On 04/22/2013 08:42 AM, James Pearson wrote:
> We've come across a problem with 6.4 kernels that we didn't have with 
> 6.2 kernels - which involves writing to a symlink that is on a read-only 
> file system - but the symlink lands on a read-write file system
> 
> The following shows the issue:
> 
>   mkdir -p /mnt/tmp
>   mount -t tmpfs -o size=1% none /mnt/tmp
>   rm -f /tmp/file
>   ln -s /tmp/file /mnt/tmp/file
>   mount -o remount,ro /mnt/tmp
>   echo "some text" > /mnt/tmp/file
> 
> On a machine with a 6.2 kernel, the above works fine - the target of the 
> symlink (/tmp/file) is created etc. with no error
> 
> But on a machine with a 6.4 kernel, the above fails with:
> 
>   /mnt/tmp/file: Read-only file system.
> 
> Strace'ing a process that fails gives:
> 
> open("/mnt/tmp/file", O_WRONLY|O_CREAT|O_TRUNC, 0666) = -1 EROFS 
> (Read-only file system)
> 
> I don't have a machine with a 6.3 kernel, so I'm not sure when the 
> change in behaviour happened, but does anyone know as to why this change 
> was made in the kernel?
> 
> I've had a look through the kernel changelog - and the following entry 
> mentions EROFS and read-only file systems:
> 
> - [fs] vfs: prefer EEXIST to EROFS when creating on an RO filesystem 
> (Eric Sandeen) [878091]
> 
> I can't access that BZ (878091) entry - so don't know if the above is 
> anything to do with what I'm seeing ...
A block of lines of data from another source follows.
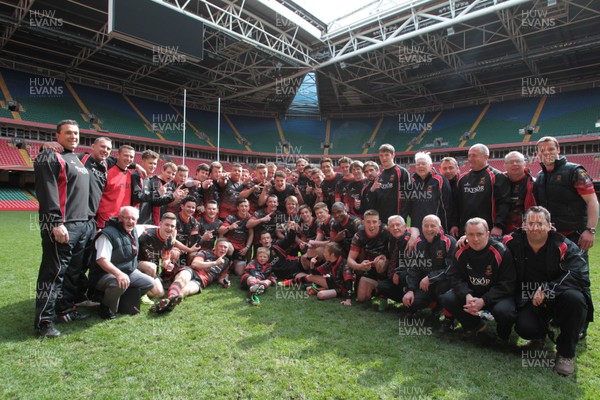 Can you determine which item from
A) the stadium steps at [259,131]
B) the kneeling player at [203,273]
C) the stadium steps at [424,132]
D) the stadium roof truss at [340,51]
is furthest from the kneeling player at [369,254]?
the stadium steps at [259,131]

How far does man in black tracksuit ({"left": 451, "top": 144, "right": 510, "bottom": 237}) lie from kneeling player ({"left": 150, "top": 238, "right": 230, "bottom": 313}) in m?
4.05

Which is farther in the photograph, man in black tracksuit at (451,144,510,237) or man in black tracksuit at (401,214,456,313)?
man in black tracksuit at (451,144,510,237)

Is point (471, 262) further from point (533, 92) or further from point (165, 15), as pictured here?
point (533, 92)

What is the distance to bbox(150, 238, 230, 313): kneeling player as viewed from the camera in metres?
5.16

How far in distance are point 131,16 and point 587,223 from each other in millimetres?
19410

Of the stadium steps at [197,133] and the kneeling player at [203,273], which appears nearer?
the kneeling player at [203,273]

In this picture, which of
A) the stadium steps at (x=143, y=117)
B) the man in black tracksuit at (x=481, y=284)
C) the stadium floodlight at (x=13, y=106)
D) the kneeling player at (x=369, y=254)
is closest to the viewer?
the man in black tracksuit at (x=481, y=284)

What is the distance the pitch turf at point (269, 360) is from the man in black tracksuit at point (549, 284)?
0.29 meters

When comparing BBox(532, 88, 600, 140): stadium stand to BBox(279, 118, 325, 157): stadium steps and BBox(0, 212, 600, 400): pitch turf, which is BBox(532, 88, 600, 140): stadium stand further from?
BBox(0, 212, 600, 400): pitch turf

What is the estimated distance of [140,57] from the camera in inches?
890

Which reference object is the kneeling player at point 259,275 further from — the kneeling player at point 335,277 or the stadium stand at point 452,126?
the stadium stand at point 452,126

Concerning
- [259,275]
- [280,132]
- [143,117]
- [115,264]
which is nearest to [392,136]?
[280,132]

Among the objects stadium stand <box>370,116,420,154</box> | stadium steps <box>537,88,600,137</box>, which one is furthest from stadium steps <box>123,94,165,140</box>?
stadium steps <box>537,88,600,137</box>

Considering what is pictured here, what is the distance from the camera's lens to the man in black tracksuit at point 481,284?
3.61m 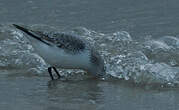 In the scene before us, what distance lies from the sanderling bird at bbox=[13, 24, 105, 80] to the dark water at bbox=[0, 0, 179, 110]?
225mm

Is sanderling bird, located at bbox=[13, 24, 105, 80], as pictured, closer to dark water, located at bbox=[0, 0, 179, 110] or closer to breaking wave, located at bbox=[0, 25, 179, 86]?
dark water, located at bbox=[0, 0, 179, 110]

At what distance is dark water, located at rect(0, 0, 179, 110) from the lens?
277 inches

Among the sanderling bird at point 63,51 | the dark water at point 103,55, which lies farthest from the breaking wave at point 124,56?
the sanderling bird at point 63,51

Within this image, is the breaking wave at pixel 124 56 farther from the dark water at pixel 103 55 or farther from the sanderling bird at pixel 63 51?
the sanderling bird at pixel 63 51

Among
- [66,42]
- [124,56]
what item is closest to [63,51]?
[66,42]

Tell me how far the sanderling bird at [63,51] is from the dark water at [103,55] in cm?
23

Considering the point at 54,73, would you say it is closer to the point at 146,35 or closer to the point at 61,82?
the point at 61,82

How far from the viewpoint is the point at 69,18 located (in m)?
11.8

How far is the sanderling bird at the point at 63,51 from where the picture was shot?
8.20 meters

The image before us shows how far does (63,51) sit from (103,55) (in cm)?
114

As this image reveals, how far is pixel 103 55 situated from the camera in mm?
9234

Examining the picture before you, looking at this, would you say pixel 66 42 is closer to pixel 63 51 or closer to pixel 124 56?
pixel 63 51

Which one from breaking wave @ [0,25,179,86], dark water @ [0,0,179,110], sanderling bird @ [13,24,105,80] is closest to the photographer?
dark water @ [0,0,179,110]

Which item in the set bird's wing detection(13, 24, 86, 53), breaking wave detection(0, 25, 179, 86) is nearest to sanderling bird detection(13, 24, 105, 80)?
bird's wing detection(13, 24, 86, 53) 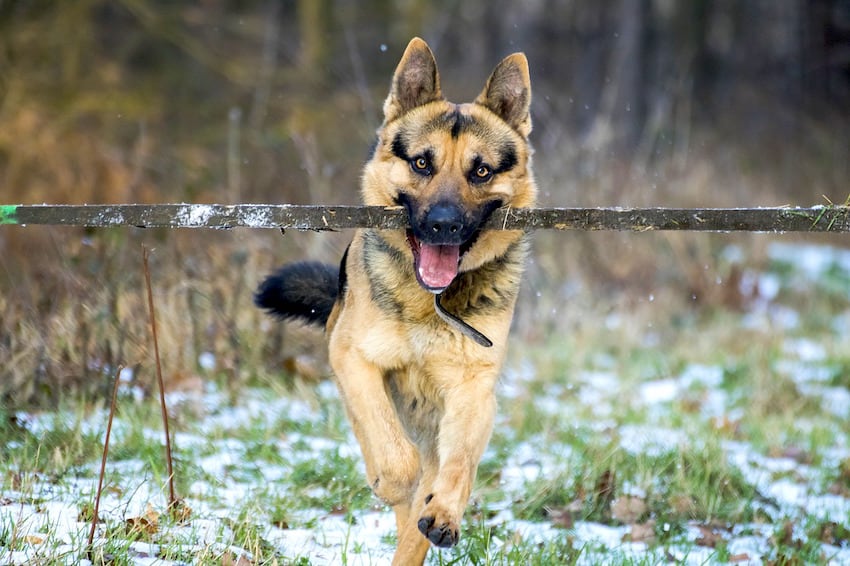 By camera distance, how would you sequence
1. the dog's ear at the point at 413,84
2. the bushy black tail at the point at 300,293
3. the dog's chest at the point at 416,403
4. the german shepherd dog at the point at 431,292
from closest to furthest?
1. the german shepherd dog at the point at 431,292
2. the dog's chest at the point at 416,403
3. the dog's ear at the point at 413,84
4. the bushy black tail at the point at 300,293

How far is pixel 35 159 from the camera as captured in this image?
912 centimetres

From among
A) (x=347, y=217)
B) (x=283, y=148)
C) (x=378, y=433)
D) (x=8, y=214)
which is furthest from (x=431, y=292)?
(x=283, y=148)

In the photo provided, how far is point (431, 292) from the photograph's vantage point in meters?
3.57

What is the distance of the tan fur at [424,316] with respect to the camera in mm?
3555

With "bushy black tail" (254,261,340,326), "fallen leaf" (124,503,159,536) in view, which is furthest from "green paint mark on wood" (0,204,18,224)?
"bushy black tail" (254,261,340,326)

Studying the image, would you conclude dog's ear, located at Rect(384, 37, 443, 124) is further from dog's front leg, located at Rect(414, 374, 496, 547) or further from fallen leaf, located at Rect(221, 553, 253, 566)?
fallen leaf, located at Rect(221, 553, 253, 566)

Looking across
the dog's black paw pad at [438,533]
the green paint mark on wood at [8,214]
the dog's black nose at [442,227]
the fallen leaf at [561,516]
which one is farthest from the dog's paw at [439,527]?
the green paint mark on wood at [8,214]

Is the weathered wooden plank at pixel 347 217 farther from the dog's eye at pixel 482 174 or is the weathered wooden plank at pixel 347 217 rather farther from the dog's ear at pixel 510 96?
the dog's ear at pixel 510 96

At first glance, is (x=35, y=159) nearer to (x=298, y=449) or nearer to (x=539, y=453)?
(x=298, y=449)

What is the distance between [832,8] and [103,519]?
834 inches

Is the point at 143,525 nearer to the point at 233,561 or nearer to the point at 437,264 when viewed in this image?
the point at 233,561

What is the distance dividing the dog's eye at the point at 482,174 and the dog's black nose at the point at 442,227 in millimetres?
392

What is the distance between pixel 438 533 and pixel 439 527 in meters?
0.02

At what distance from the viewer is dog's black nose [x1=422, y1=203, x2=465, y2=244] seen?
3.43 m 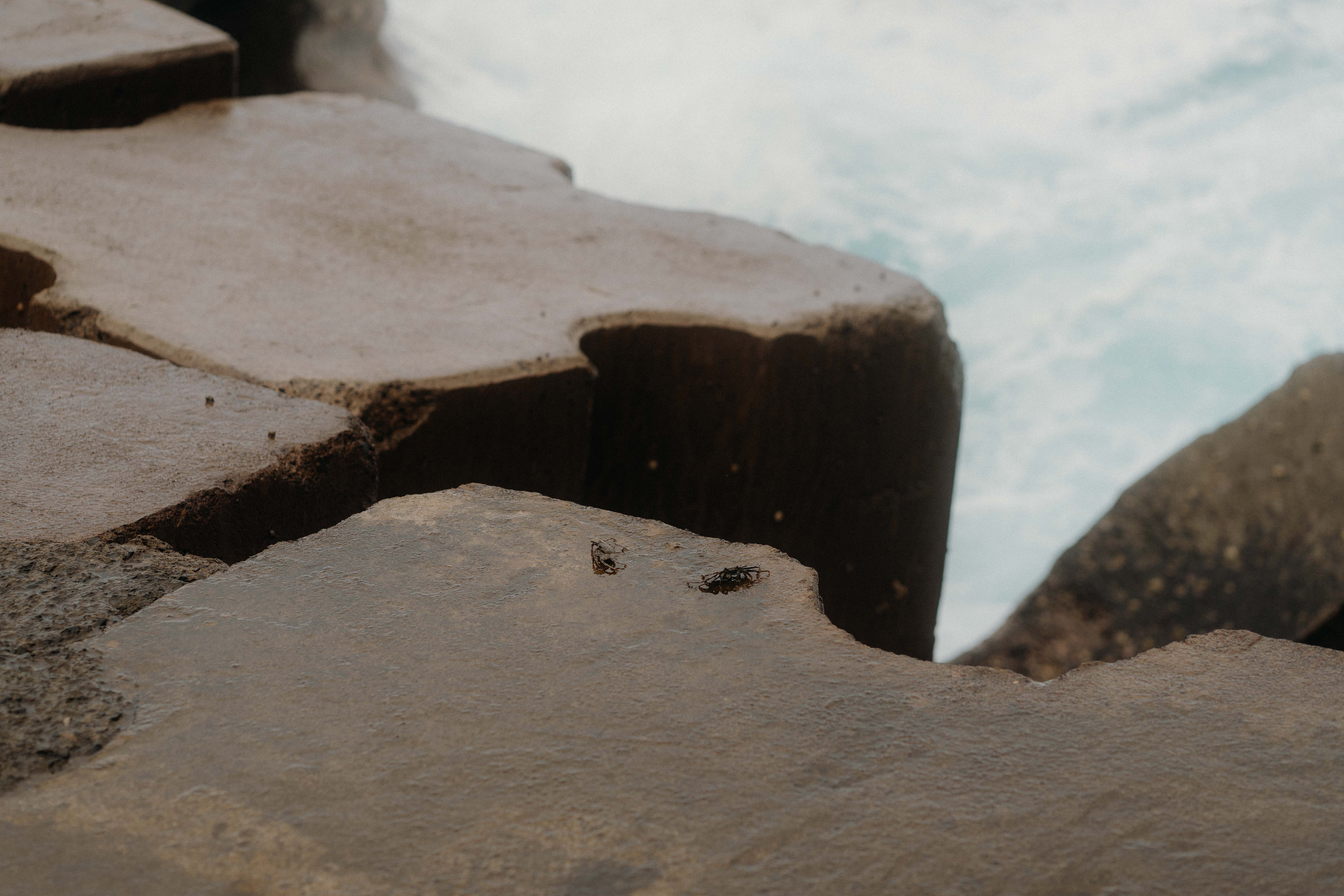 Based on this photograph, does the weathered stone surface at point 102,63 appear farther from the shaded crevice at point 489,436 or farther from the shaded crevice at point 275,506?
the shaded crevice at point 275,506

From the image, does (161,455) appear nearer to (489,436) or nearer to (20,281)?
(489,436)

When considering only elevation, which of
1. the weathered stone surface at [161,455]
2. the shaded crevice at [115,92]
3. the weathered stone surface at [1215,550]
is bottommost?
the weathered stone surface at [1215,550]

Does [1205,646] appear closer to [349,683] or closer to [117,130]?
[349,683]

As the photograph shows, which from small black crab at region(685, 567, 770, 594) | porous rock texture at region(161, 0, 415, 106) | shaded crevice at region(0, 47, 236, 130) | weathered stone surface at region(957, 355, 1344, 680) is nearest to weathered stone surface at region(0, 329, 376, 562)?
small black crab at region(685, 567, 770, 594)

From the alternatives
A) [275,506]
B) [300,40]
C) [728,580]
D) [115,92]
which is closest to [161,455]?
[275,506]

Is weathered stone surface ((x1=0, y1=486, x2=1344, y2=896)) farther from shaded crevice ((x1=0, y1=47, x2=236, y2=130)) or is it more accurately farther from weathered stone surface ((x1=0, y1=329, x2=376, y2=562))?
shaded crevice ((x1=0, y1=47, x2=236, y2=130))

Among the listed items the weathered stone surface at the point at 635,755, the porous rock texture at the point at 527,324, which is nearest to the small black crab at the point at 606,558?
the weathered stone surface at the point at 635,755

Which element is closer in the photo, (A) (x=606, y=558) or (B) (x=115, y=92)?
(A) (x=606, y=558)

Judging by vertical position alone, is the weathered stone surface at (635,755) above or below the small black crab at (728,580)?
below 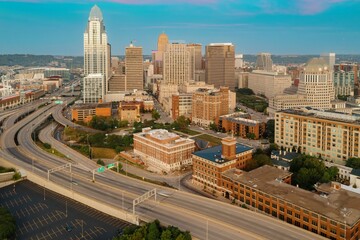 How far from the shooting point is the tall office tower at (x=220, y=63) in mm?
84812

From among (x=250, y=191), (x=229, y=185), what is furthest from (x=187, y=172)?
(x=250, y=191)

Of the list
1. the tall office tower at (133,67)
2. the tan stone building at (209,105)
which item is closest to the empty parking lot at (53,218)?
the tan stone building at (209,105)

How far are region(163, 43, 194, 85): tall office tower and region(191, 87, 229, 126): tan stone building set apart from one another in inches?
1121

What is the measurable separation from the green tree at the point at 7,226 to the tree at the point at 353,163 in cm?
2509

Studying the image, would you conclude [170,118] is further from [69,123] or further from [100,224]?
[100,224]

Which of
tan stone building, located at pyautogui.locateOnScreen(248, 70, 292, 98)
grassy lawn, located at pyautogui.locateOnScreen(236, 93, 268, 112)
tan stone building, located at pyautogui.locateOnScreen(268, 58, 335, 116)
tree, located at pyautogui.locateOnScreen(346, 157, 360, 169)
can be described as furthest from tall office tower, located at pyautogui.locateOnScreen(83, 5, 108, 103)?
tree, located at pyautogui.locateOnScreen(346, 157, 360, 169)

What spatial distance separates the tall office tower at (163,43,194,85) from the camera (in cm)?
7938

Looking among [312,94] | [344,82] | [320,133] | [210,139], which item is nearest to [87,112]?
[210,139]

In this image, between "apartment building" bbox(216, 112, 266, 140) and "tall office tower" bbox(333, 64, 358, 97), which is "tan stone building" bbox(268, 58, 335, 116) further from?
"tall office tower" bbox(333, 64, 358, 97)

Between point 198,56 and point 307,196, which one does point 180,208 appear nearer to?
point 307,196

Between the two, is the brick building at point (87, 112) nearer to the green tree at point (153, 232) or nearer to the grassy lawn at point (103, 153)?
the grassy lawn at point (103, 153)

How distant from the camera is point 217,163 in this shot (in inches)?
1040

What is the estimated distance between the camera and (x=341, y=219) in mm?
18438

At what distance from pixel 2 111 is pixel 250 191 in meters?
54.5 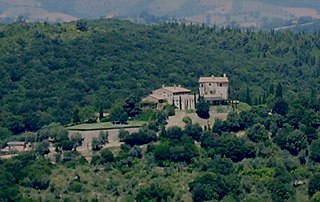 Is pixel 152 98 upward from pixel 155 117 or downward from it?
upward

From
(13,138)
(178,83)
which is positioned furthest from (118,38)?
(13,138)

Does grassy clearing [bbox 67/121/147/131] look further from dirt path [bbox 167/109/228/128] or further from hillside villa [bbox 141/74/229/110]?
hillside villa [bbox 141/74/229/110]

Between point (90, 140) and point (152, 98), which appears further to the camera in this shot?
point (152, 98)

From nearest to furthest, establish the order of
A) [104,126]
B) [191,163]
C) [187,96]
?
[191,163] → [104,126] → [187,96]

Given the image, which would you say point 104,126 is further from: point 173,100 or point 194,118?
point 173,100

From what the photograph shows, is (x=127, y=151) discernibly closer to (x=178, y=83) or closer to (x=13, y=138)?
(x=13, y=138)

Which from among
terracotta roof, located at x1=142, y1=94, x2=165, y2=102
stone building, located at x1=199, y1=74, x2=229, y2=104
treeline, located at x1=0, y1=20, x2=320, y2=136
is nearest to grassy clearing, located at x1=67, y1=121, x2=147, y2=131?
treeline, located at x1=0, y1=20, x2=320, y2=136

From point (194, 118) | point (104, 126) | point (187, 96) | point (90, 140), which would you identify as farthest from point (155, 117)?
point (90, 140) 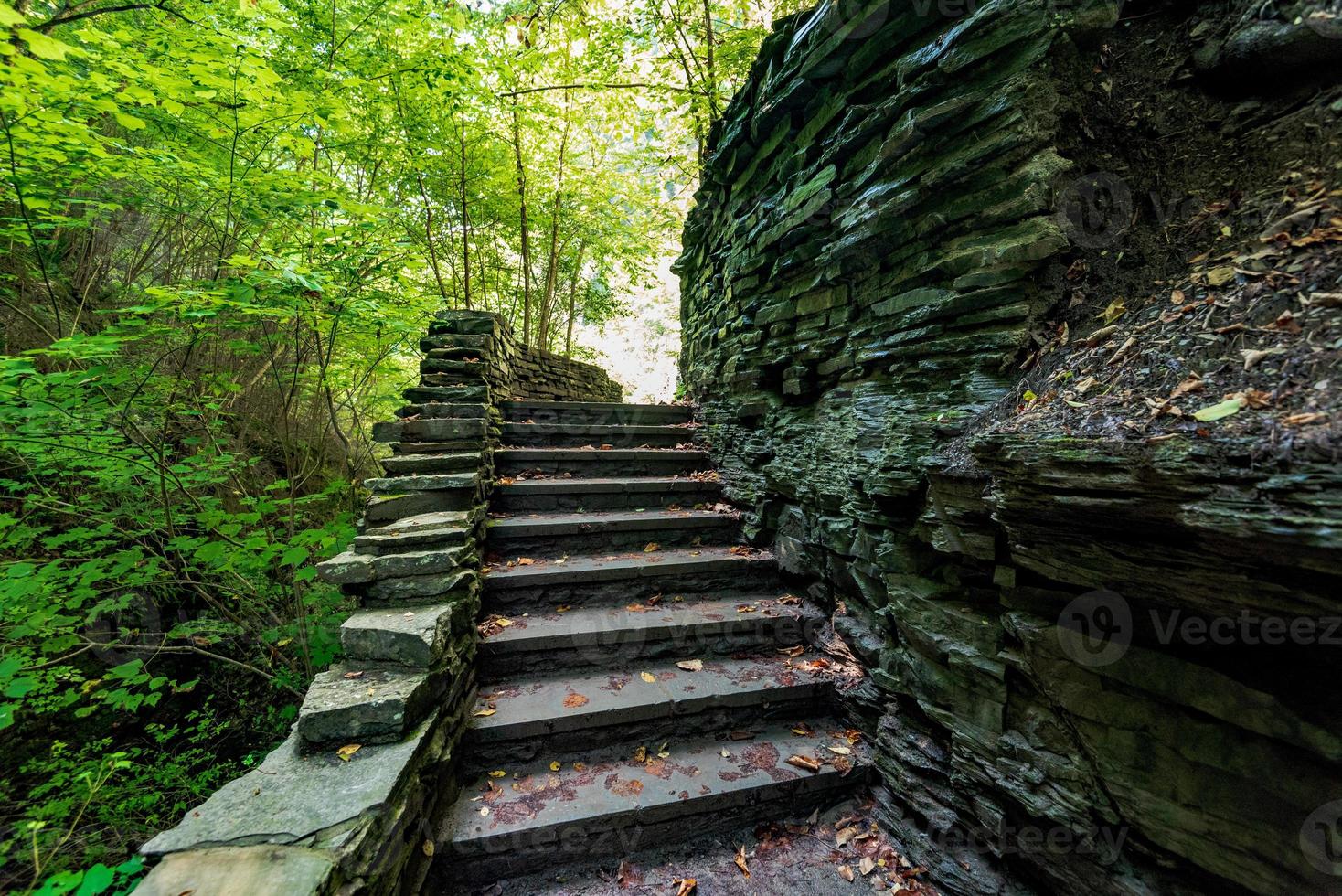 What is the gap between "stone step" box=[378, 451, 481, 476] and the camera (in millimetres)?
2932

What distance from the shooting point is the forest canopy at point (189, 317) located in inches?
95.4

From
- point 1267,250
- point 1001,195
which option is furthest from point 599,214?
point 1267,250

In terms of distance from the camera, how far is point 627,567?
118 inches

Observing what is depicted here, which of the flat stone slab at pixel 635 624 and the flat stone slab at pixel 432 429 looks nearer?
the flat stone slab at pixel 635 624

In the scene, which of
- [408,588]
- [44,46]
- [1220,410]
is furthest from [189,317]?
[1220,410]

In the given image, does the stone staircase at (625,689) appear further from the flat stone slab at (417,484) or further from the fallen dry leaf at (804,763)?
the flat stone slab at (417,484)

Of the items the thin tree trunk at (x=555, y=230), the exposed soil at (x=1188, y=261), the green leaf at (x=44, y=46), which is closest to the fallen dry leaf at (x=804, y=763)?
the exposed soil at (x=1188, y=261)

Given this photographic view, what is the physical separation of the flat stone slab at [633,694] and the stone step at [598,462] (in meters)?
1.92

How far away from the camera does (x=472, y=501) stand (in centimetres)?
288

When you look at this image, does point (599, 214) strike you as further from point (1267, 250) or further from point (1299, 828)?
point (1299, 828)

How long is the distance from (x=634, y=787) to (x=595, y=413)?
3542 millimetres

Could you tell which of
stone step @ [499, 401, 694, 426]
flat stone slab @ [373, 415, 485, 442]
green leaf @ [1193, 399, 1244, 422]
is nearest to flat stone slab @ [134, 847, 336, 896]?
flat stone slab @ [373, 415, 485, 442]

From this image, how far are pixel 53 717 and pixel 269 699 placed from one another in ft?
4.42

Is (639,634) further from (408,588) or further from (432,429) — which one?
(432,429) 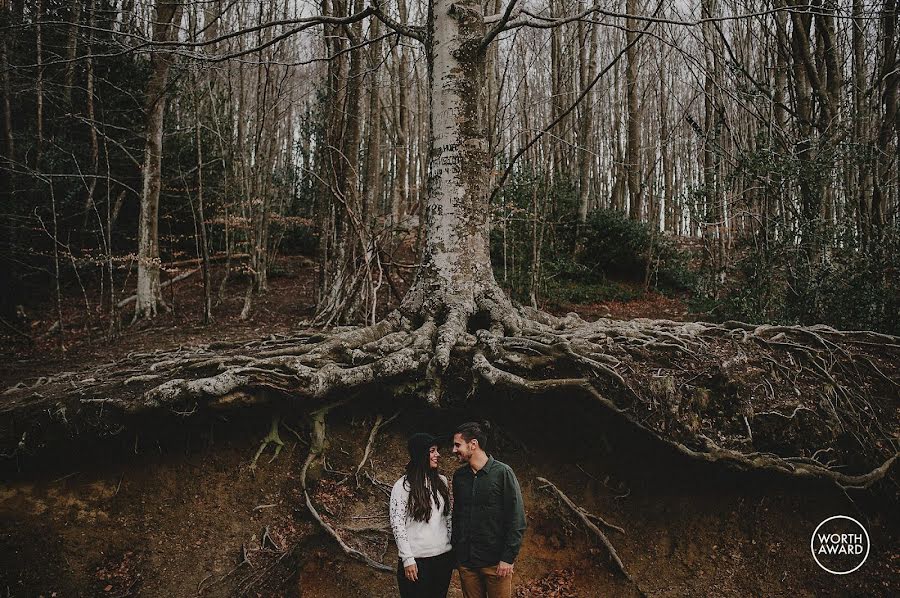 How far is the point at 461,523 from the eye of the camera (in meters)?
3.31

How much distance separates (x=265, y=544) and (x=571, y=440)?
9.65 ft

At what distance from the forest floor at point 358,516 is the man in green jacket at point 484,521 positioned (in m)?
1.45

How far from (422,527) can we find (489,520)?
0.43 m

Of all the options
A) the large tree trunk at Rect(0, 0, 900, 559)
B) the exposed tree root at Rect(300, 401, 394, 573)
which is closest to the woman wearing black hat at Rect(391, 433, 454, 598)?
the exposed tree root at Rect(300, 401, 394, 573)

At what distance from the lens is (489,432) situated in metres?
5.07

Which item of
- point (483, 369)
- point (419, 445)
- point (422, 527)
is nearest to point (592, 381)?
point (483, 369)

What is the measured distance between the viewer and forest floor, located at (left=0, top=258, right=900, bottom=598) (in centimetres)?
427

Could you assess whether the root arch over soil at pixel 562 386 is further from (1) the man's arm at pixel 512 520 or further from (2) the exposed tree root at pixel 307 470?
(1) the man's arm at pixel 512 520

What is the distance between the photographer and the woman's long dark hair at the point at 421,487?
3.26m

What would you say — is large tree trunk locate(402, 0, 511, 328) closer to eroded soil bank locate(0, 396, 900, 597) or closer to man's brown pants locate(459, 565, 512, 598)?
eroded soil bank locate(0, 396, 900, 597)

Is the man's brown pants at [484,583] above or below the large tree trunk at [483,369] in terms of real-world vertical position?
below

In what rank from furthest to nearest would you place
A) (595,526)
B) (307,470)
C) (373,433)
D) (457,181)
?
1. (457,181)
2. (373,433)
3. (307,470)
4. (595,526)

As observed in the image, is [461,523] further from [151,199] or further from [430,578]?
[151,199] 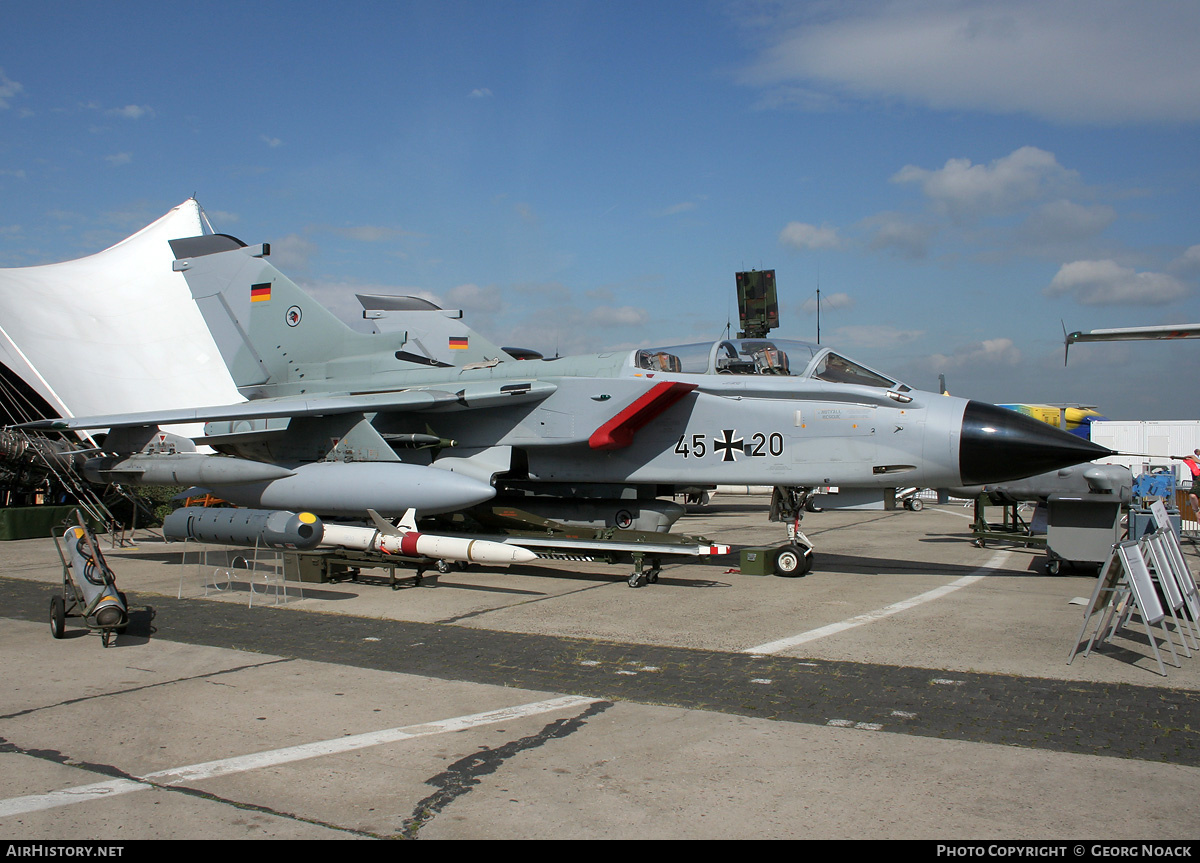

This sounds like it's going to be a glibc issue rather than a kernel
issue; IIRC, it's glibc that's responsible for handling symlink
processing, not the kernel.

I wonder what happens if you, e.g. a statically-linked busybox from 6.2
on the 6.4 machine.

(As for whether or not it's a bug...that's an interesting question.
Having symlinks crossing r/w<->r/o boundaries is an odd case. I don't
know what symlink semantics technically supposed to be in those
circumstances.)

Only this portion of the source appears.